Ly and Mewherter hoped to find a permanent spot where they could innovate as cooks, carpenters, entrepreneurs, mixologists, even sake brewers. With the closing of 3cross Fermentation Coop, the brewery where they first debuted Wooden Noodles in 2018, they stepped in with an idea for a restaurant where they would play around freely with food and fermentation, leaning on local produce and their frenetic cooking style.
“We served a lot of ramen to people over the years,” Mewherter says. “And it’s fun now to work on and develop a balanced menu. We love making noodles, but we’re excited about some of the other things we can add.”
Every week, sometimes every couple of days, Ly and Mewherter draw up new menus with anywhere from six to eight dishes inspired by the list of fresh meat and produce sent to them from their farmer friends. One uncomfortably hot, humid week in July, that meant scrambling to devise a plate of fava beans courtesy of Dismas Family Farm in Oakham; they served the tender beans lightly charred, atop sweet cherry tomatoes and delicate rice puffs. As chefs, they embrace the “spontaneity” of the seasonal ingredients, Ly says. “It’s not like we don’t have constraints,” he says. “We have creative constraints and are constrained by what’s coming in from the farms we use, what’s seasonal.”
They still have handmade noodles—one menu staple has been a bowl of them dressed in ginger sauce and topped with a soy soft-boiled egg and sweet, peppery nasturtiums—and despite vowing not to, they brought their beloved ramen back. Noodles no longer dominate their culinary consciousness, though. Now there are family-size meals like the aforementioned mackerel—cooked whole, scales and all, in a rich broth of dashi, ginger and garlic until its thick white flesh peels effortlessly—and small shareable plates of seared sugar snap peas or pulled pork sliders calling for their fresh baked buns and a slightly sweet and spicy sauce.

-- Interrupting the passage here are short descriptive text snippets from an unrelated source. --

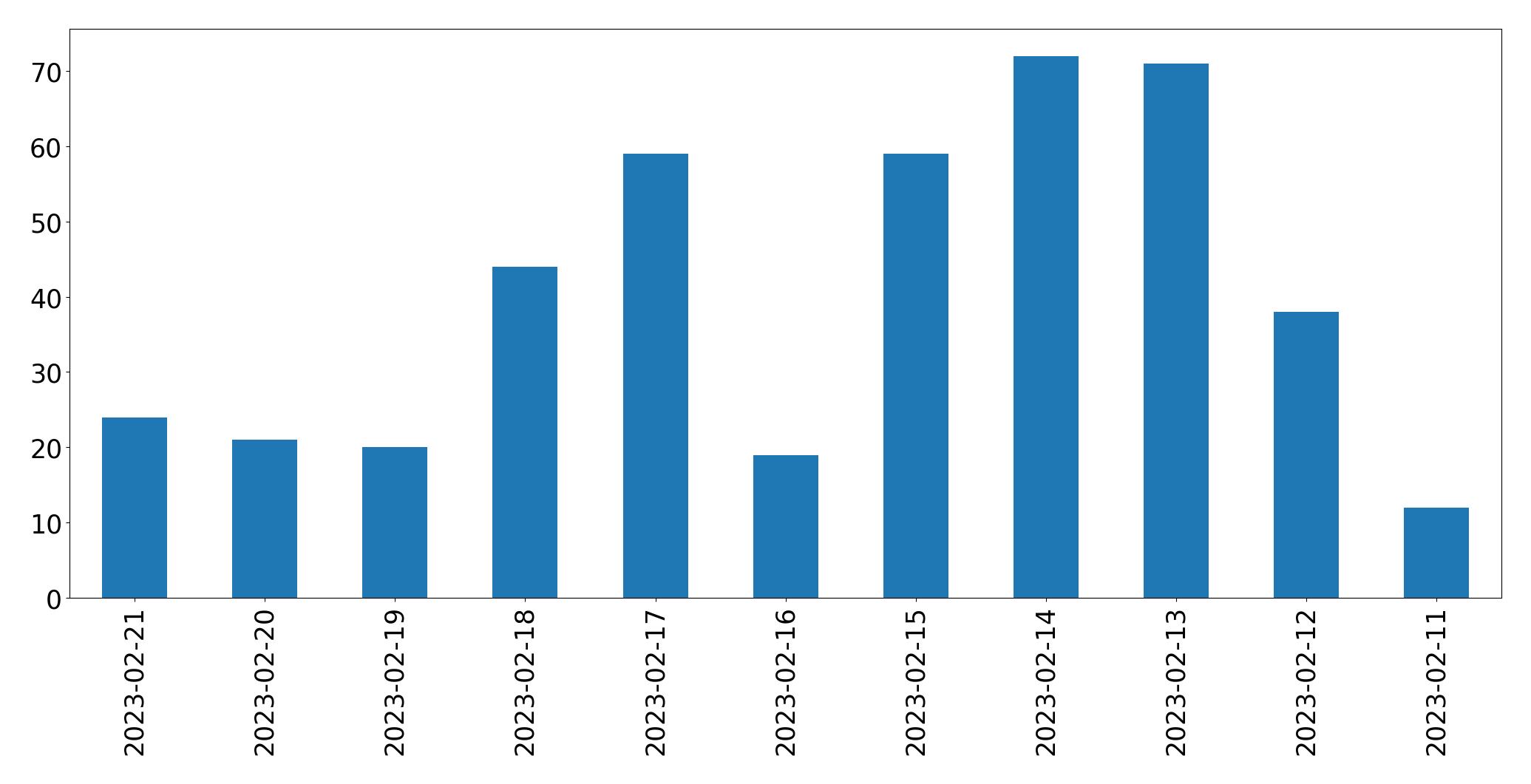 Gráfico de tweets por dia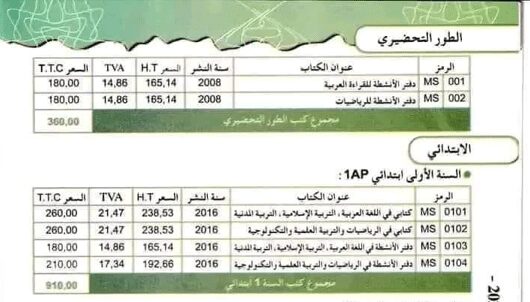 أسعار الكتب المدرسية لجميع الأطوار السنة الدراسية 2025/2024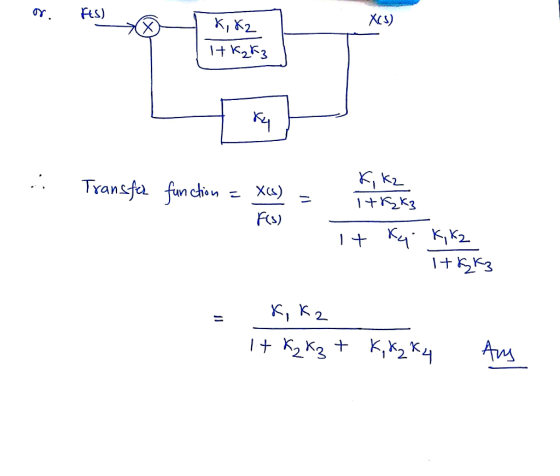 Transfa fun chin Xc) Fs) +3 2 Am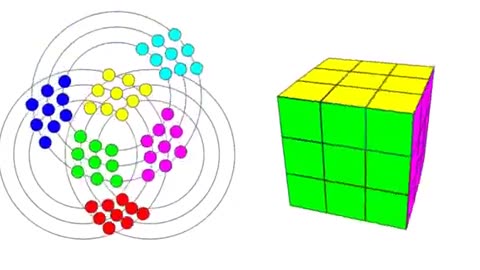 rubix cube 2D 3D simulation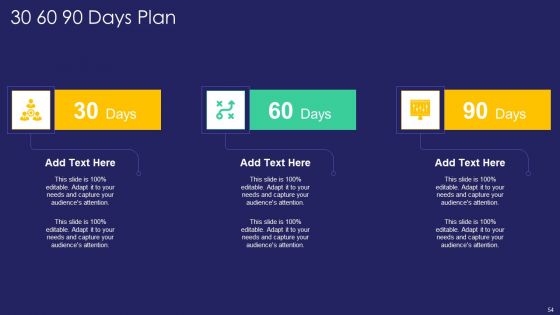 Project Administration Playbook Ppt PowerPoint Presentation Complete Deck With Slides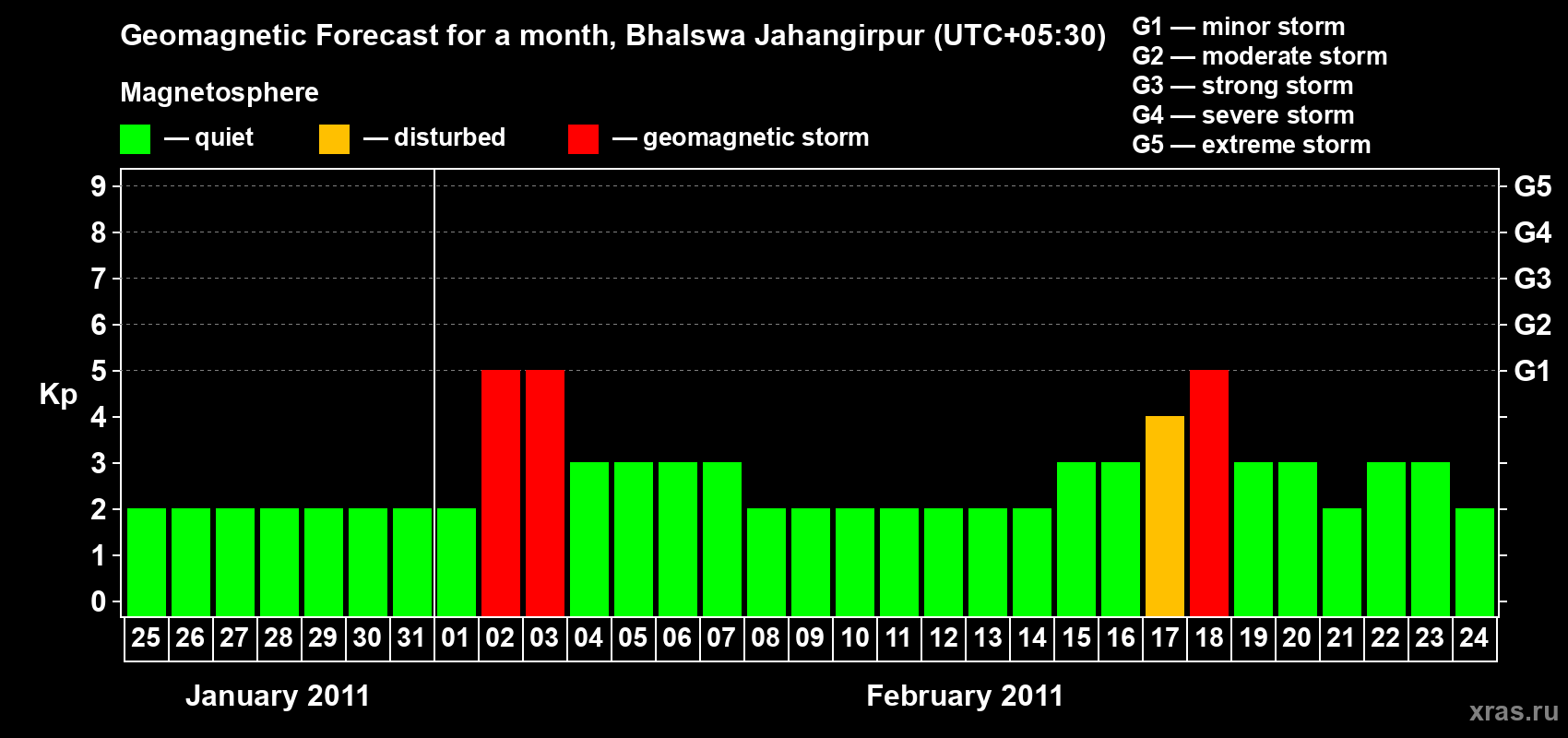 Forecast of the daily maximal value of geomagnetic index&nbsp;Kp for <b>1 month</b> (31 days) <b>from Jan 25, 2011 to Feb 24, 2011</b>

Wooden Bar has given Ly and Mewherter the chance to experiment behind the bar, too, with new cocktails created weekly. A recent drink list brought together equal parts funky and traditional, with the kalimotxo, a mix of wine and cola often dubbed the poor man’s sangria, and the dangerously potent clarified ruby milk punch, which combines clarified milk with port, rum and Earl Grey tea. The taps at Wooden Bar flow regularly with beers from Honest Weight Artisan Beer in Orange, whose owners are close friends. And soon, you can expect pours of house-brewed beer or sake.

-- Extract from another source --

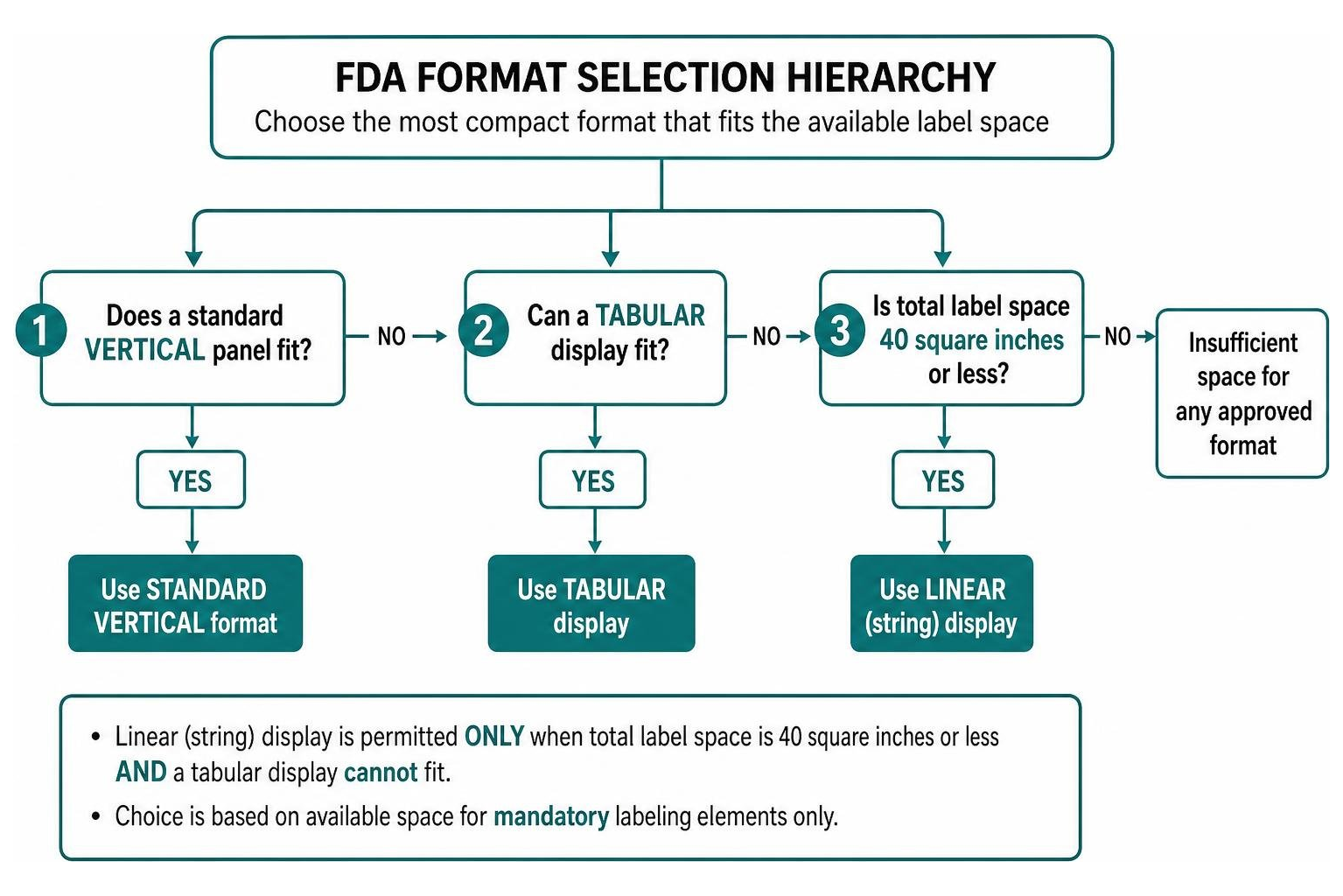 FDA format selection hierarchy diagram FDA format selection hierarchy diagram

From there, Ly and Mewherter do not harbor any grander goals, apart from constructing an outdoor patio and building the furniture for it themselves. “We don’t really know what the future is going to be for this business,” Mewherter concedes. “So far, we’ve relied on intuition a lot—intuition and feedback.”
“We hope Worcester is along for the ride with us,” Ly adds.
This story appeared in the Fall 2022 issue.